A Visitor in My Own Life

This process of unplugging from my life is taking longer than I expected. Today is the one month anniversary of leaving my Rockyford home and beginning a great adventure.
It doesn’t feel like a great adventure though. It feels like visiting my life. Here is my son, but he is different. Here there are sisters and a daughter, but it is different.
This little journey to the coast is perfect preparation and introduction to travel for a hermit. I’m finding what works and what doesn’t for luggage. What I really need to have with me and what’s extra weight. What it’s like  to use public transit again.
Life on the Rocks

I’m familiar enough with Canadian culture to feel some comfort in unfamiliar surroundings, but still having to stretch a little. After all, I spent the last 30 years or so sticking pretty close to home. It’s much easier to travel through familiar territory, to familiar places where familiar people feed you familiar food and put you to bed in a style to which you are accustomed.

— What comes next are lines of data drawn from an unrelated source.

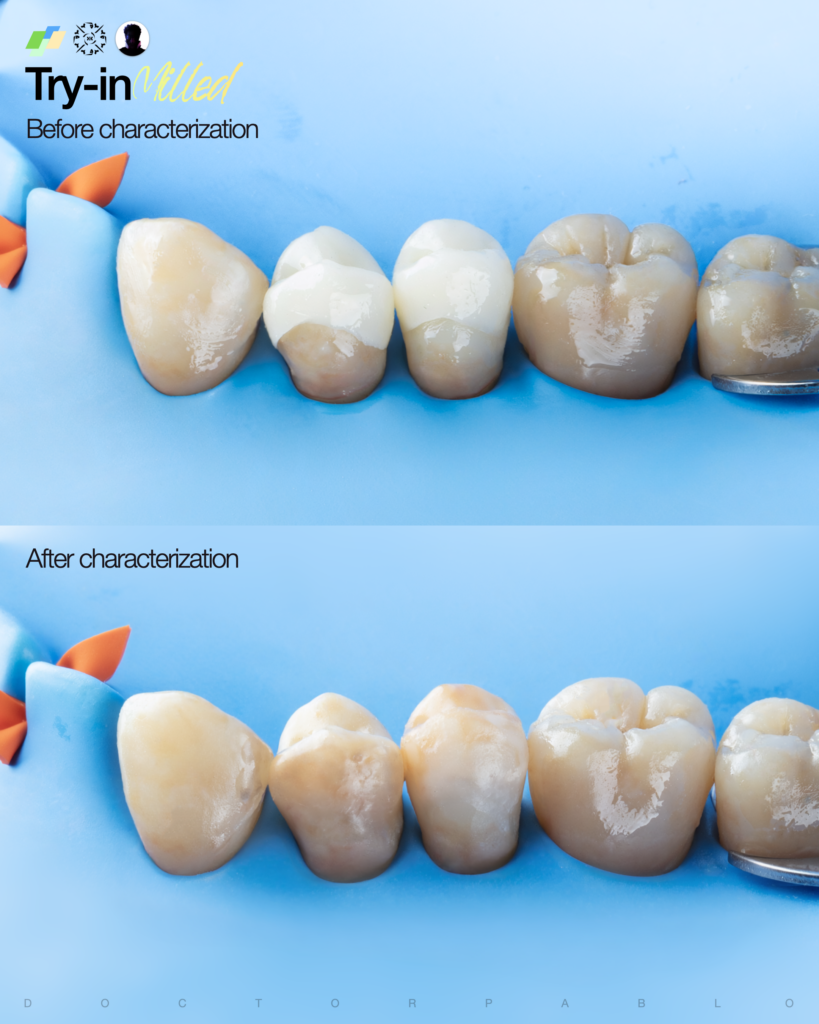 QUAD REHAB CASE.023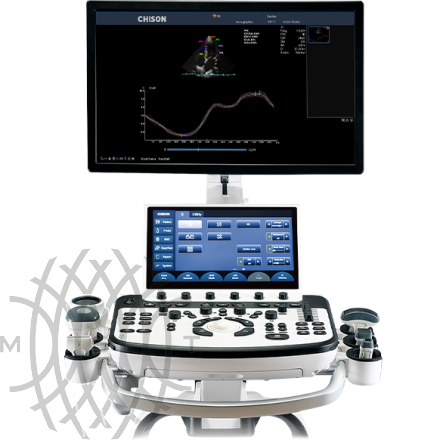 Chison XBit 90 ультразвуковой аппарат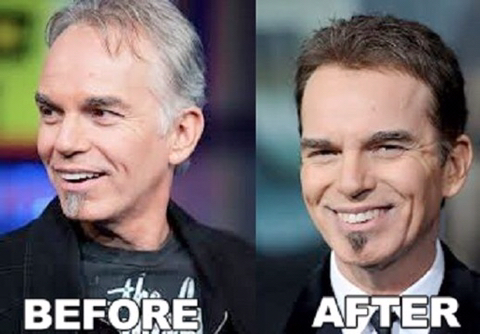 모발이식 성공사례 | 인스티즈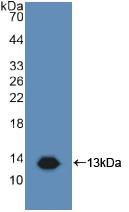 CD81 Antibody - Western Blot; Sample: Recombinant TAPA1, Human.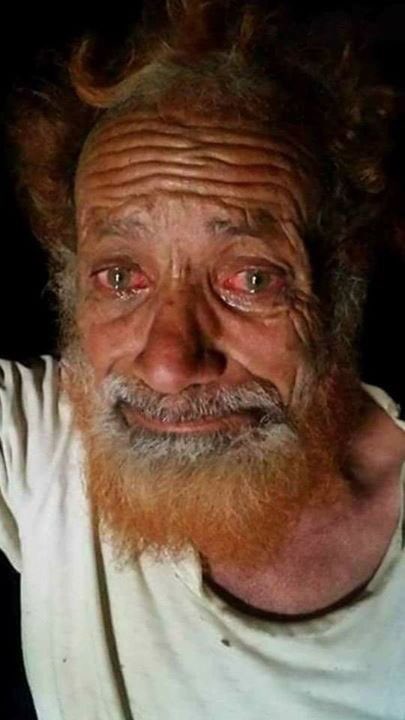 Halitisci's tweet photo. Suud bombalarından çocuğunu korumaya çalışırken can veren bir anne ve gözleri ağlamaktan kan çanağına dönmüş bir Yemenli.
#Yemen https://t.co/FezvG4cVsW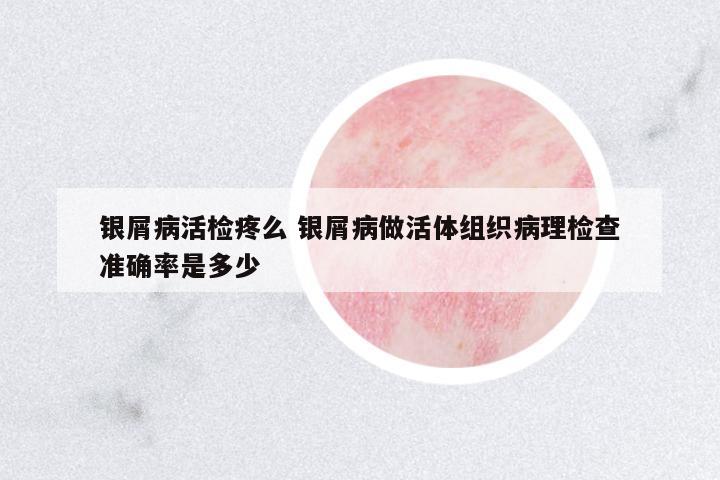 銀屑病活檢疼么 銀屑病做活體組織病理檢查準確率是多少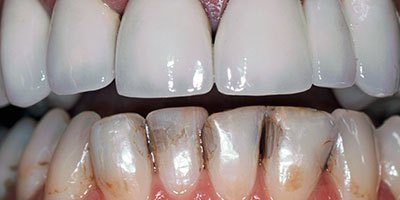 32-lower-veneers-on-the-front-6-teeth---Before-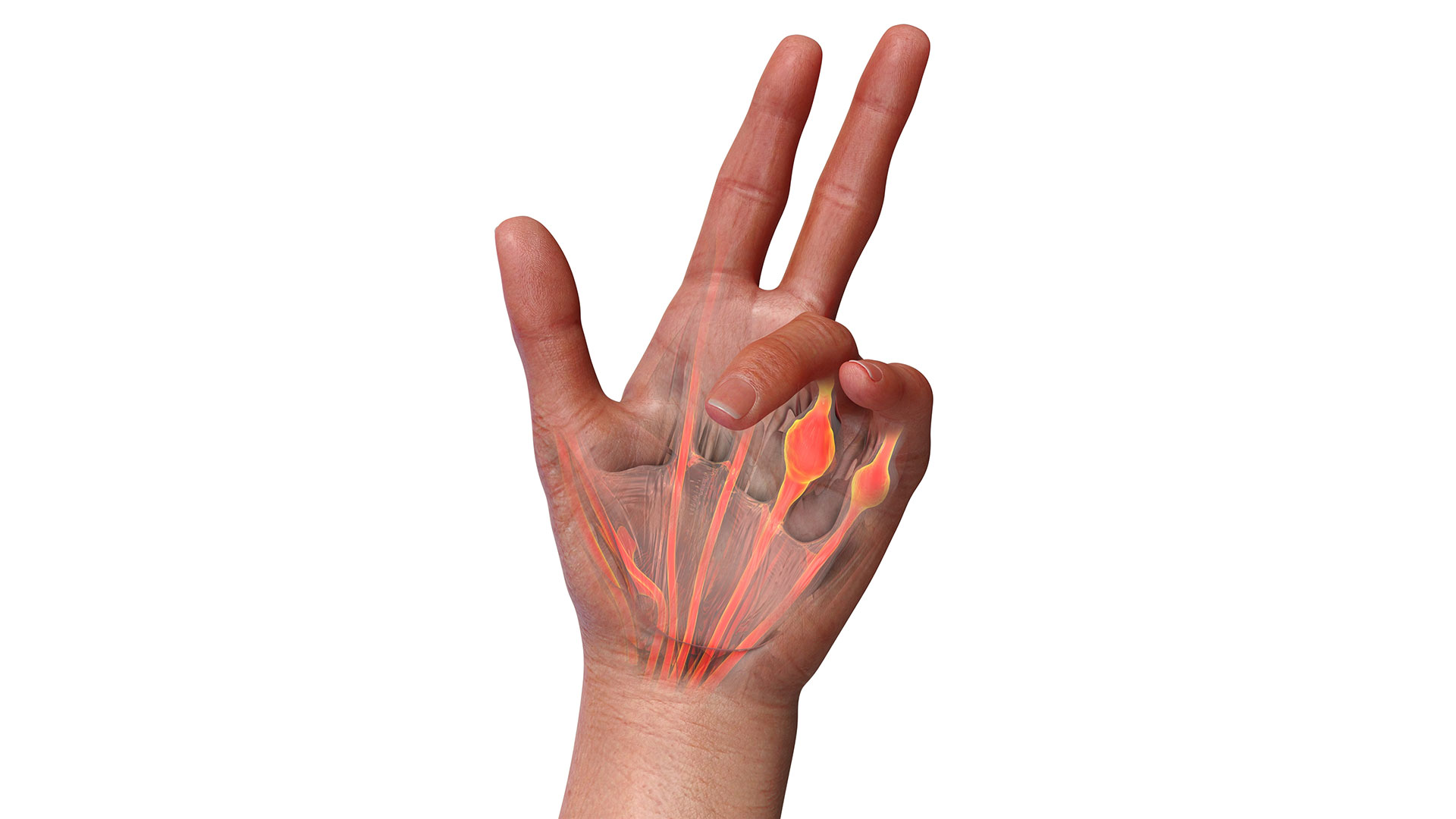 οι-καλύτερες-θεραπείες-για-ένα-συχνό-π-563087371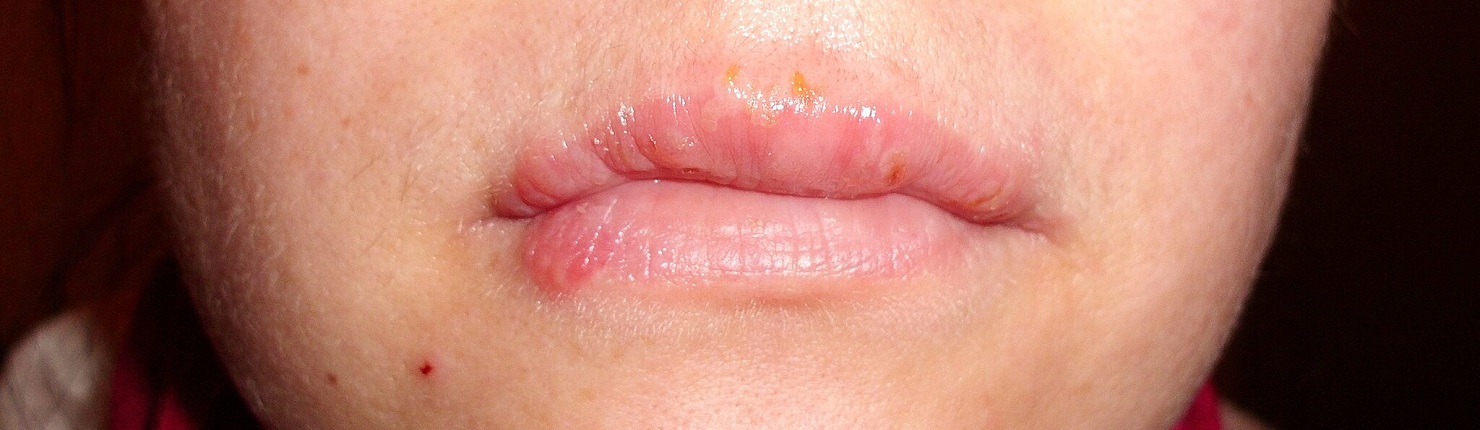 Herpes labial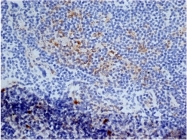 SM2298P - CD13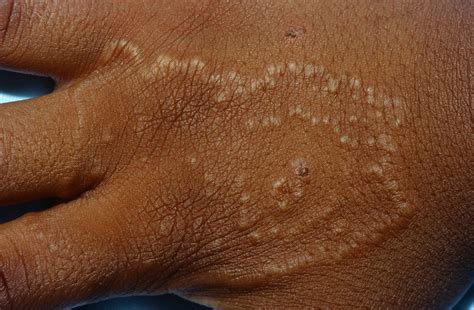 Granuloma Annulare - Causes, Rash, Treatment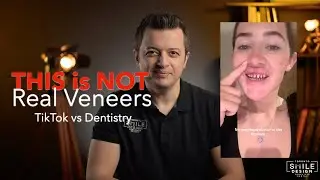 Porcelain Veneers Without Teeth Shaving? The Truth About No-Prep & Prepless Veneers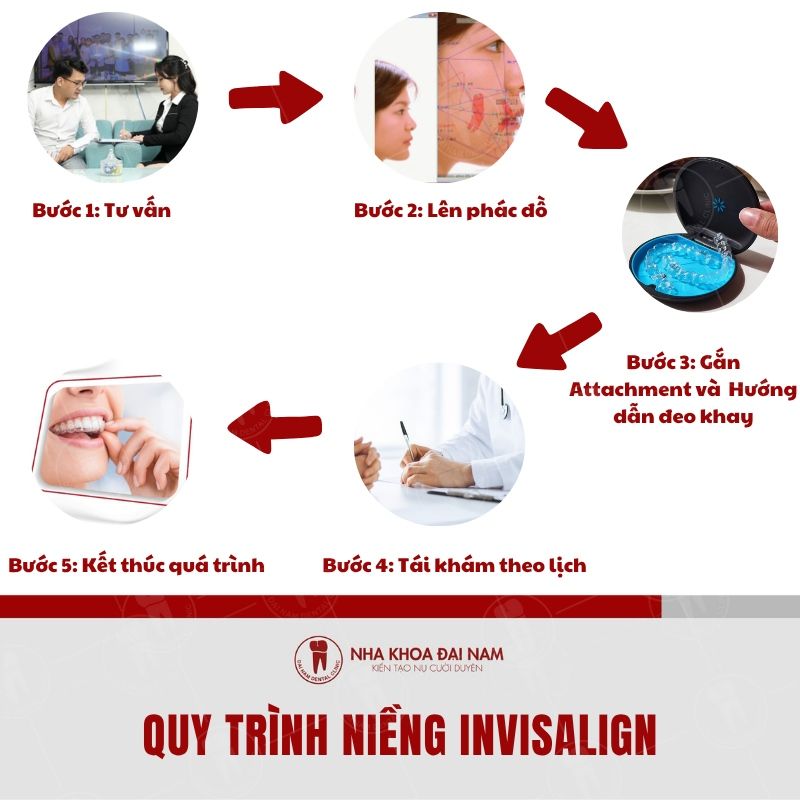 5 buoc trong quy trinh nieng rang Invisalign tai Dai Nam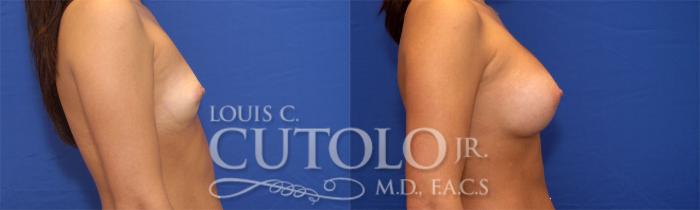 Before & After Breast Augmentation Case 23 View #5 View in Brooklyn, Staten Island, Queens, NY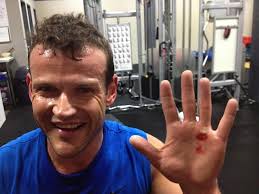 Got a rip? Care and conditioning for your hands when weightlifting or  kipping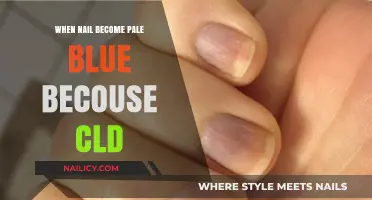 Pale Blue Nails and Cold Exposure: Causes and Concerns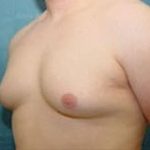 Male Breast Reduction Before & After Patient #851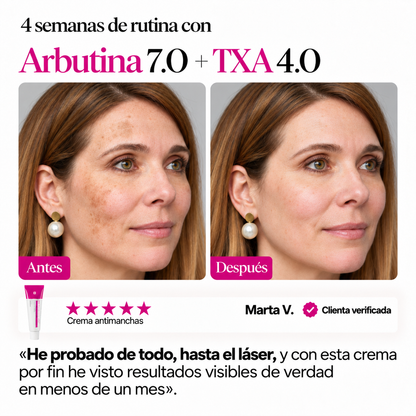 Crema Antimanchas – Auria Vera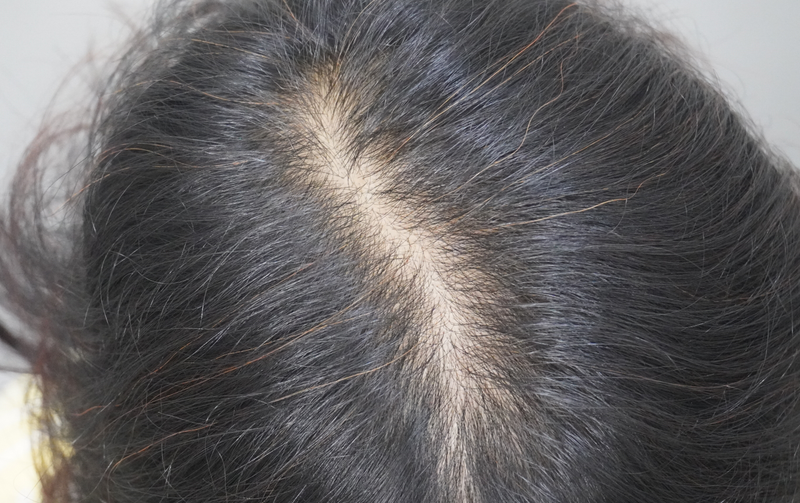 뉴헤어 부산 4회차 모근강화 주사 후기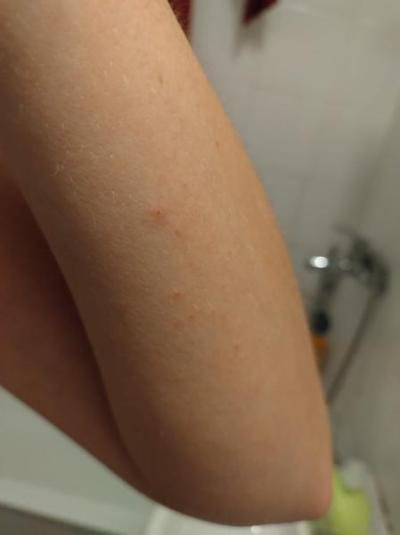 Alergie a ekzémy | Myslíte, že by to mohl být svrab?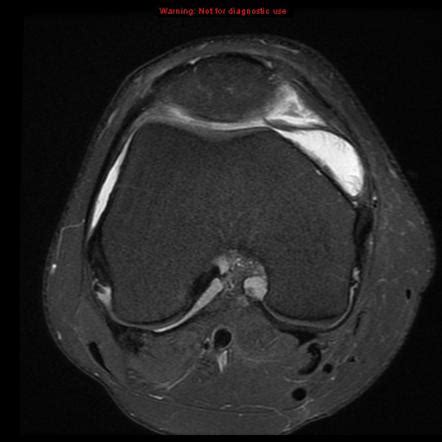 Medial Patellar Plica Syndrome Radiology Reference Article | My XXX Hot ...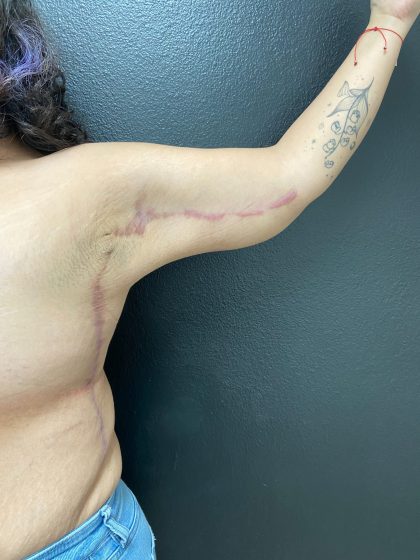 Brachioplasty Before & After Patient #15956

So this trip is travel 101 in preparation for travel 2.0 to Mexico. Mexico will still be familiar to some extent because I’ve been to the area we’re visiting, I know some of what to expect and I think my knowledge of French may help with the language. Also, I know some people where we’re going and we’re renting a friend’s house.
I made some minor mistakes on this trip that illustrate to me how easy it is to complicate your life for the wrong reasons. I’m learning that I need to watch that I make the right decision for the right reason. There is some busting out of moulds I need to do. Most of this has to do with ways of spending money and time.
Some of it though has to do with my relationship to myself and those around me. Living unfettered by home and work responsibilities gives you a different perspective on our society and our individual ways of being in it.
I see a society very caught up in its unsustainable practices and divorced from community. Even while many individuals wake up to the downward slope that is consumerism, they cannot figure out how to leave it behind without hardship or turning the clock back to a simpler time where no one really wants to live.
I get it though. I too resist changes I want to make in my life. It’s so easy to see the changes others need to make and even tell them how to make those changes – lol. Adopting permanent change into my own life is more difficult. Look at the extreme measures I’m taking to create change in my life! It’s ironic because I know that change is constant and inevitable.
Wandering urban centers and frequenting big box stores is such an eye opener and these days I keep one eye clearly focused on my reactions to what I’m seeing. Canadian urban culture is as foreign to me as what I suspect I’ll find in far away Mexico and Thailand.
People are fascinating! Crazy, but fascinating.